##### Provided entries #####

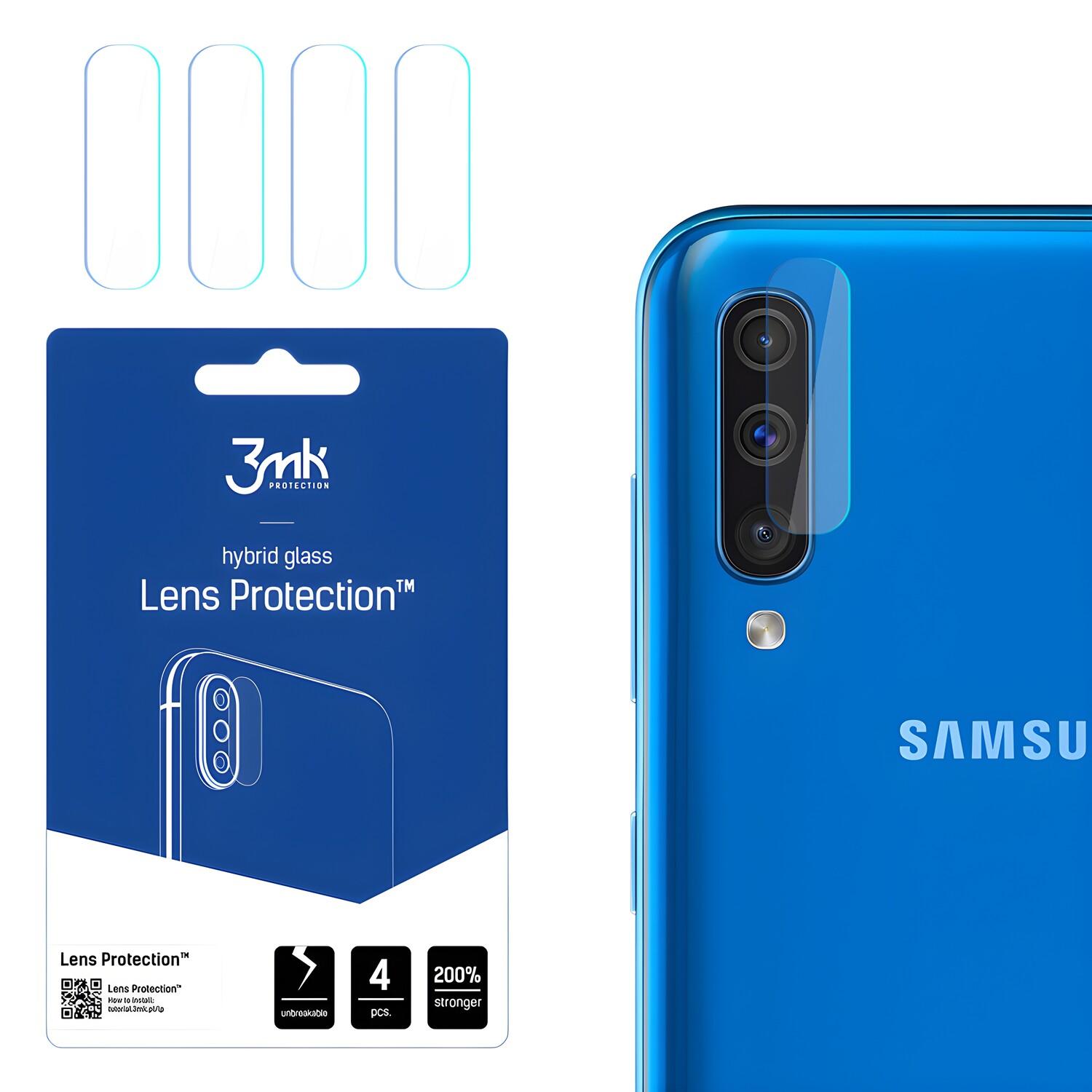 4x Vetro per la fotocamera 3mk per Samsung Galaxy A50 - Permatoma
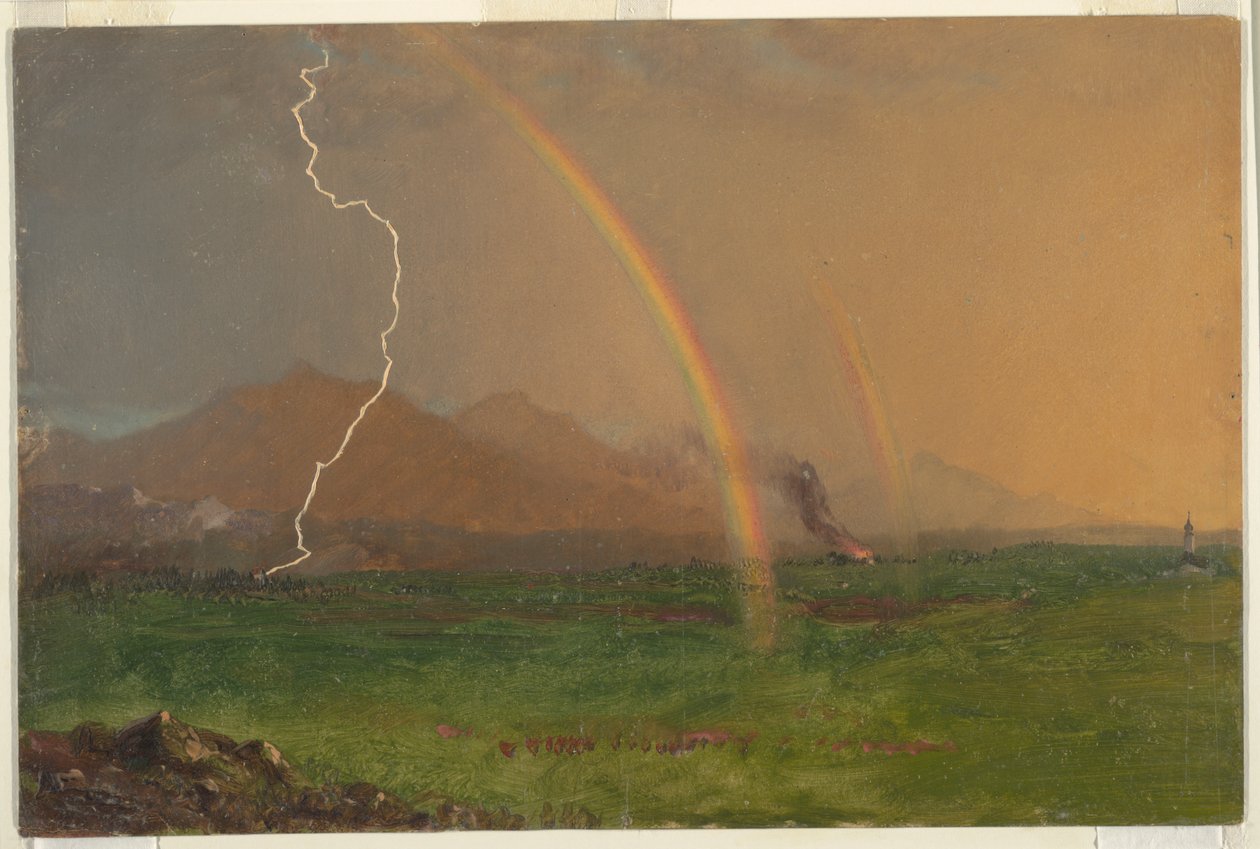 Tordenvær i Alpene av Frederic Edwin Church
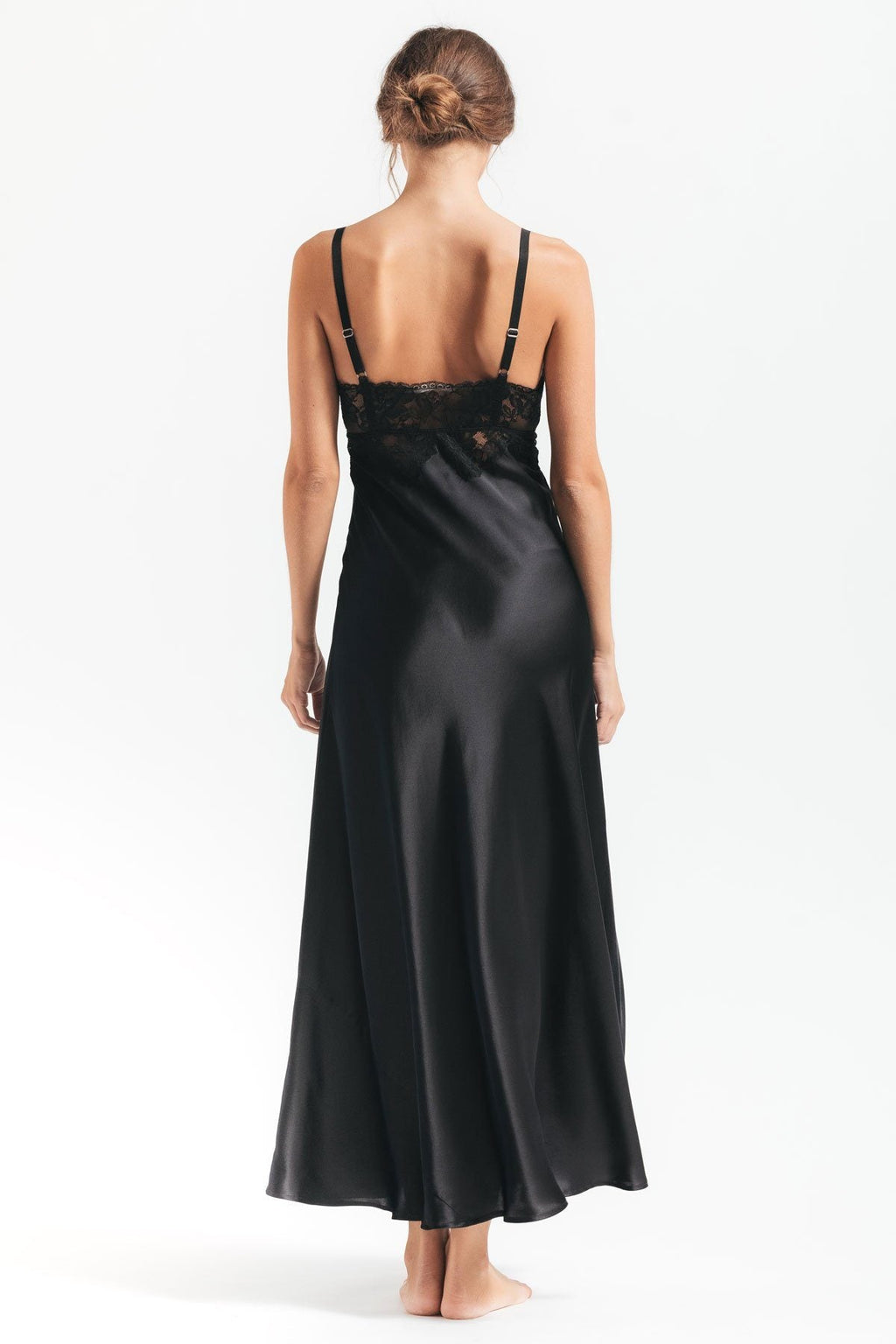 Morgan Vintage Long Silk Gown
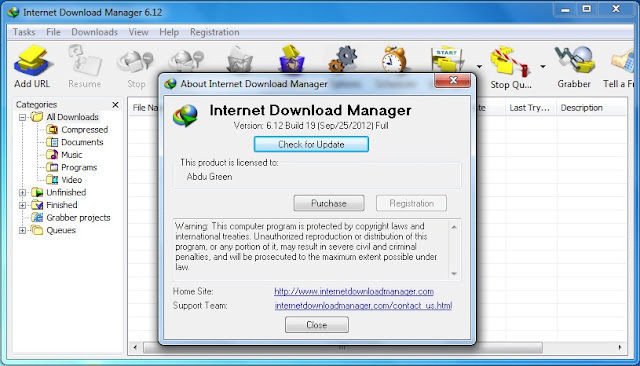 Internet Download Manager (IDM) 6.12 Final Build 19 Full Patch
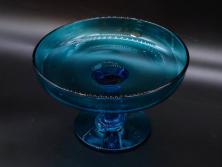 上手物　江戸期　古伊万里　大明成化年製　染付　色絵　花文　鳳凰　8.6寸皿　約26　色彩とフォルムの美しさが食卓に華やかさを演出する変形皿(八寸六分、深皿、和食器、花唐草、和皿)(R-062051)
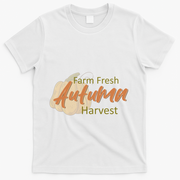 Farm Fresh Autumn Harvest Theme T-Shirt - White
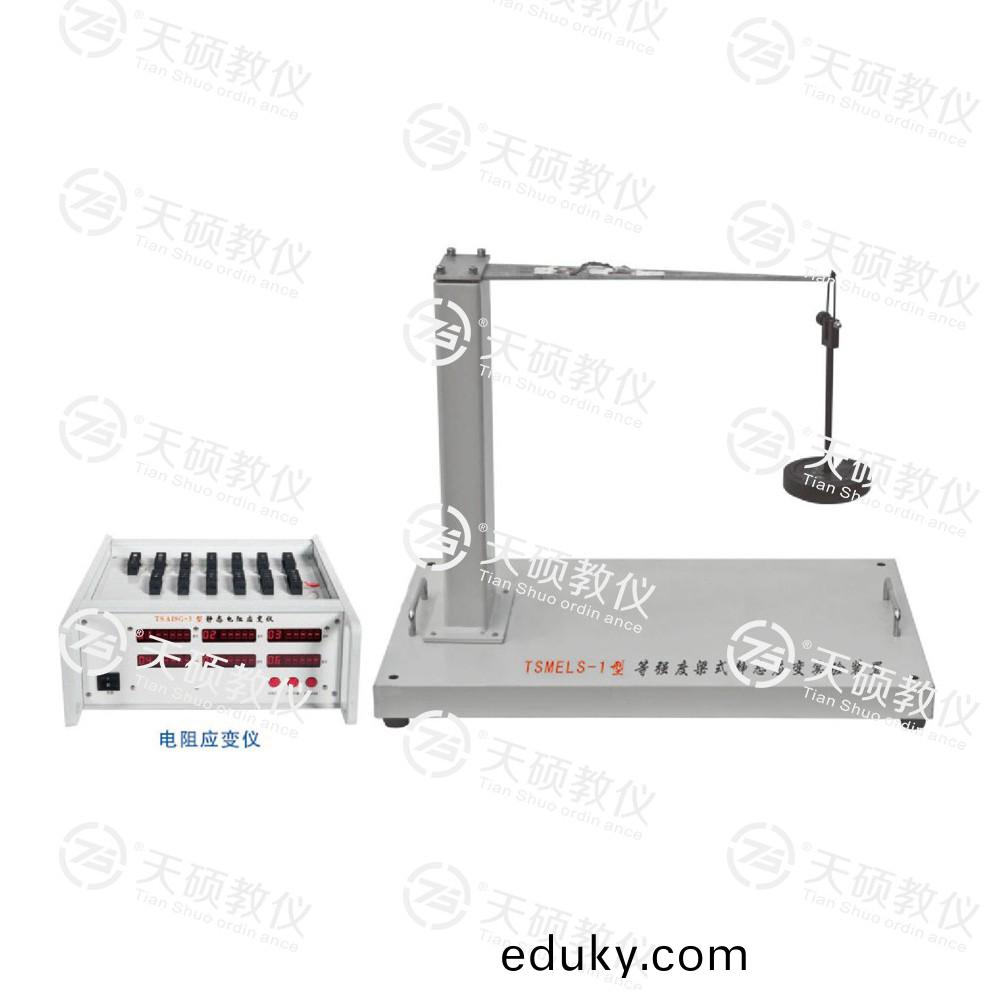 TSMELS-1型 等(deng)強(qiang)度(du)樑式靜(jing)態應(ying)變實驗裝寘
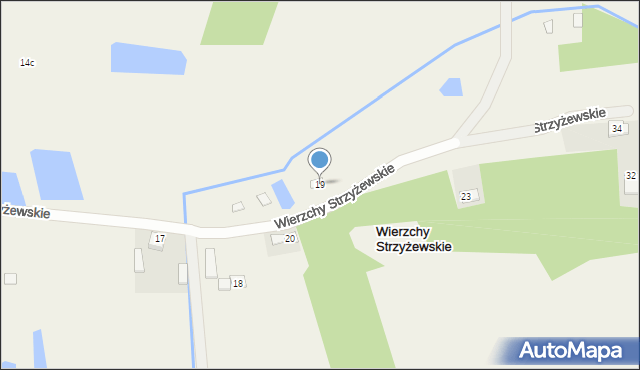 Wierzchy Kluckie, Wierzchy Kluckie, 19, mapa Wierzchy Kluckie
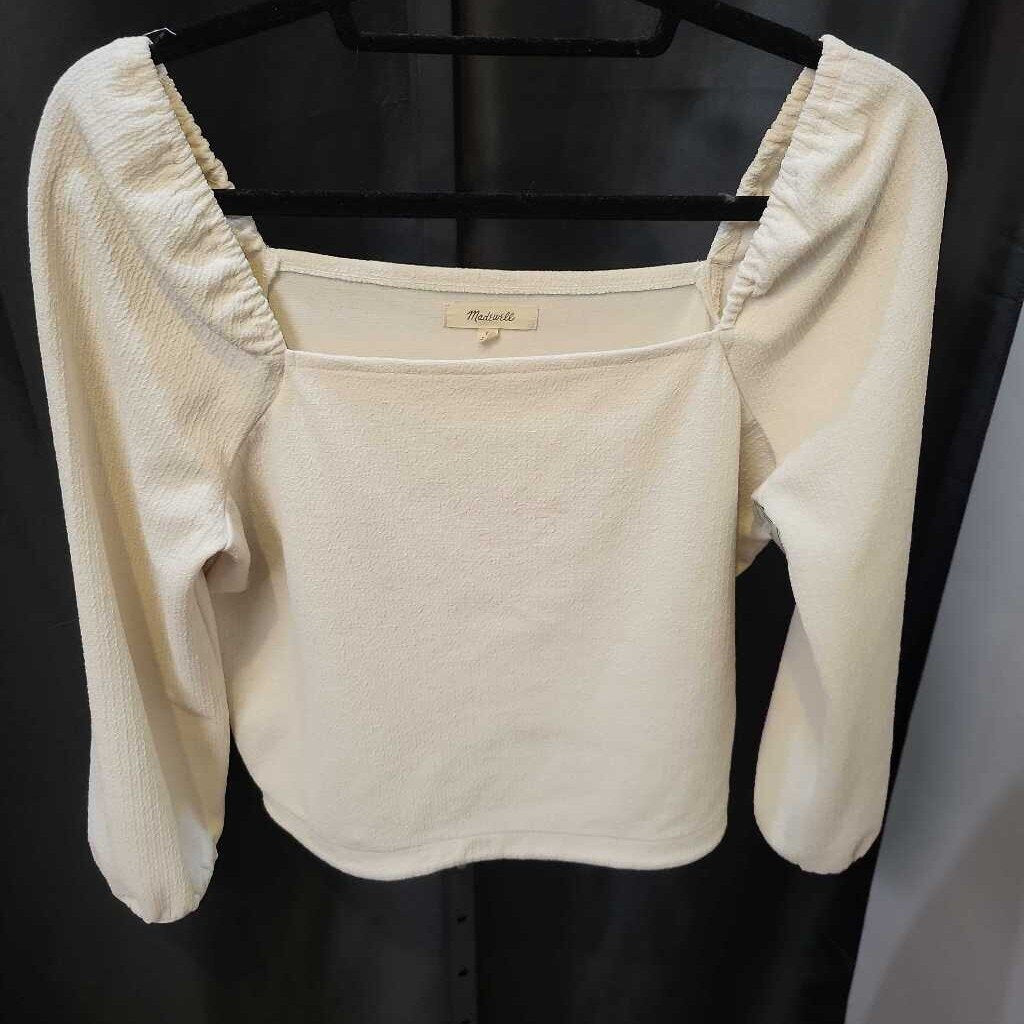 Madewell Square Neck LS Cropped TOPS M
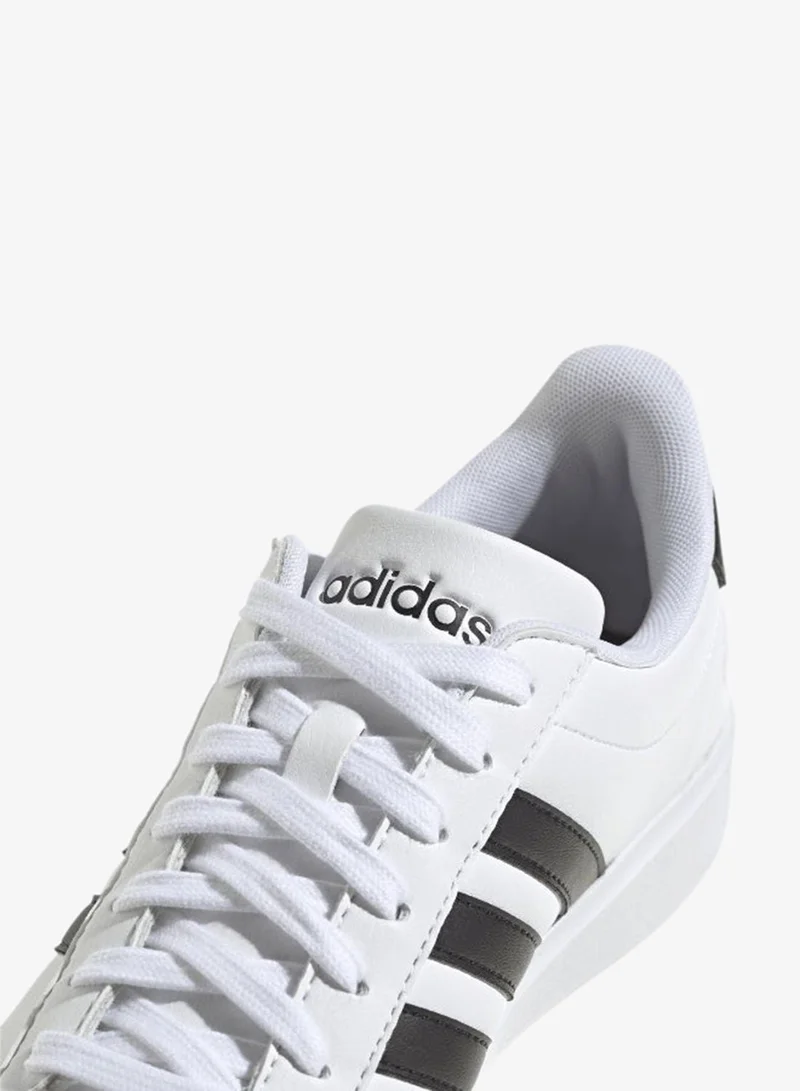 Adidas FTWWHT/CBLACK/CBLACK Grand Court 2.0 Shoes for Women | Best Price UAE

#####

## Your objective:
All of the lines above should be printed exactly, minus the pictures.

## Response to this exercise:
 4x Vetro per la fotocamera 3mk per Samsung Galaxy A50 - Permatoma
 Tordenvær i Alpene av Frederic Edwin Church
 Morgan Vintage Long Silk Gown
 Internet Download Manager (IDM) 6.12 Final Build 19 Full Patch
 上手物　江戸期　古伊万里　大明成化年製　染付　色絵　花文　鳳凰　8.6寸皿　約26　色彩とフォルムの美しさが食卓に華やかさを演出する変形皿(八寸六分、深皿、和食器、花唐草、和皿)(R-062051)
 Farm Fresh Autumn Harvest Theme T-Shirt - White
 TSMELS-1型 等(deng)強(qiang)度(du)樑式靜(jing)態應(ying)變實驗裝寘
 Wierzchy Kluckie, Wierzchy Kluckie, 19, mapa Wierzchy Kluckie
 Madewell Square Neck LS Cropped TOPS M
 Adidas FTWWHT/CBLACK/CBLACK Grand Court 2.0 Shoes for Women | Best Price UAE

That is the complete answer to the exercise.